It looks like the beta release of Chrome isn't the only big Google release today. The company is also rolling out a major update to its Windows-based Picasa photo management application and the Picasa Web Albums Web service, according to CNET:

With a face recognition feature set to launch at noon PDT Tuesday, Google's Picasa Web Albums will help users label their photos with the names of subjects. That and other changes to the photo-sharing site are joined by a new beta version of the accompanying Picasa 3.0 photo-editing software.

The "name tag" feature presents users with collections of photos with what it judges to be the same person, then lets them click a button to affix a name. Once photographic subjects are named, users can browse an album of that individual on the fly.

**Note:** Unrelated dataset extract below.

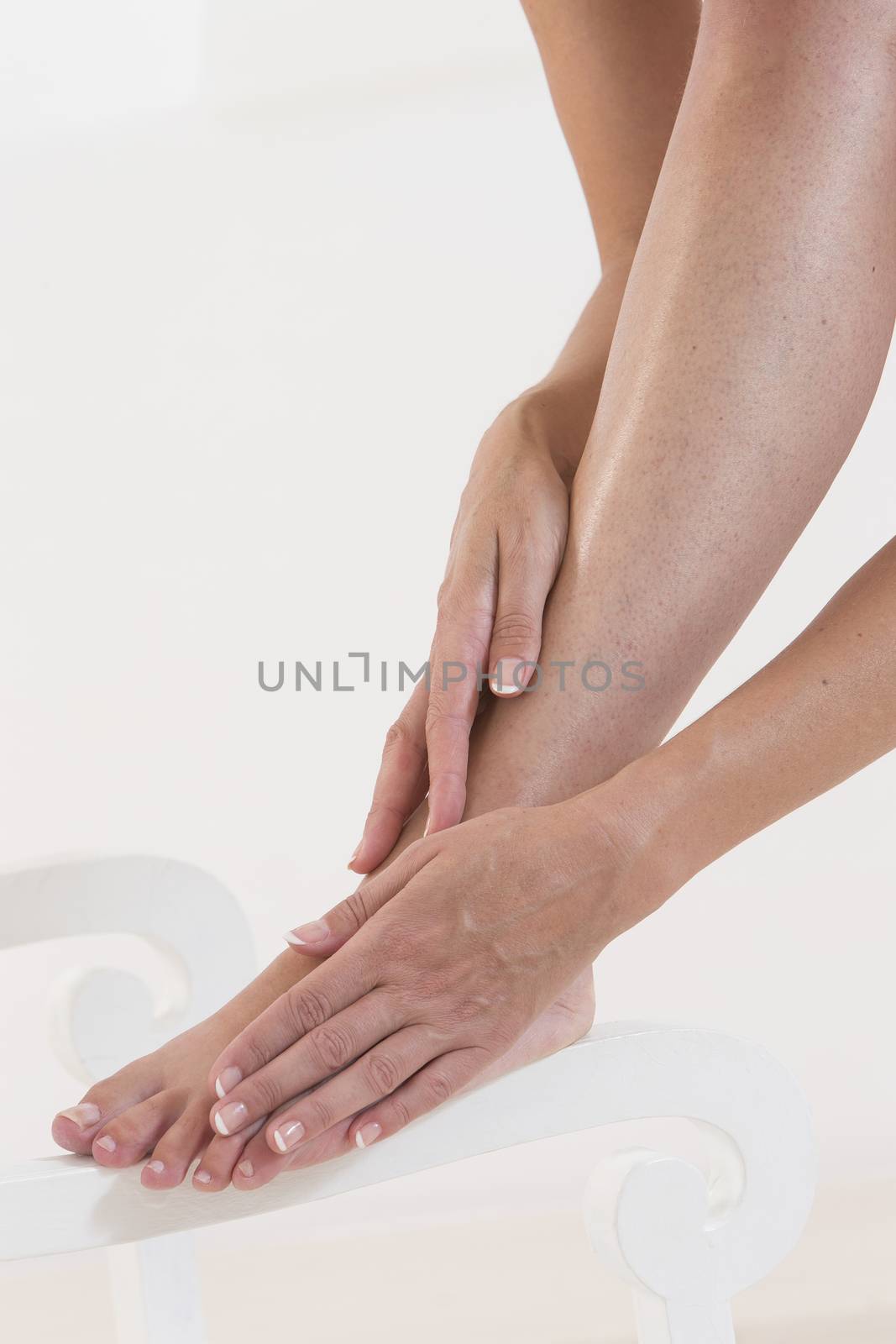 Woman enjoying a feet massage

"Once you've started naming people, we'll start suggesting names for you based on similarity," said Mike Horowitz, Google's Picasa product manager. "The process of naming people is really addictive and tremendously fun."

The problem with tagging is that it's a chore, so most people don't bother. But Picasa's name tag feature automates the process enough--and provides enough reason to use it--that I believe many users will take the tagging plunge.

Overall, Google's Picasa moves show that despite a long period of near-dormancy, Google still evidently is committed to the photography site and software.

Picasa 3 beta
Google also plans to release a beta version of the Picasa 3 image-editing. It works on Windows.

The new Picasa software brings several changes:

  • A movie maker mode lets people combine photos with music to export movie versions of galleries to watch on a PC or upload to YouTube.
  • A new retouch brush lets people edit out skin blemishes and other trouble spots. And the tool can automatically fix red-eye problems caused by flash photography.
  • A new collage mode lets users compile many photos into one composite image. This time, users get precise control over image placement for example by moving, rotating, and resizing photos, and the software can produce a high-resolution composite for poster-size prints.
  • A photo viewer for quick slide shows, an option that during installation politely asks to own the file associations for JPEG, TIFF, raw images from higher-end cameras, and some other formats. The slide show software can view PNG files, which is handy, but the editing software still can't, which is a significant limitation for me.
  • Online synchronization. If photos have been uploaded from Picasa to the Web site, they can be edited later and the changes, including tags, are synchronized to the Web site. This is very handy since you might want to get images up quickly to share with friends then edit them later. Unfortunately, changes on the Web site aren't mirrored back to the PC, so all those name tags will stay put in the cloud for now.

Good stuff. I use (and pay for) Picasa Web Albums for Web-based photo backup, so this is a big deal for me. I'm curious if the Web interface will get any more sophisticated. Right now, it's a flat view with no sub-folders, which is a problem for people like me who have tons of albums up there.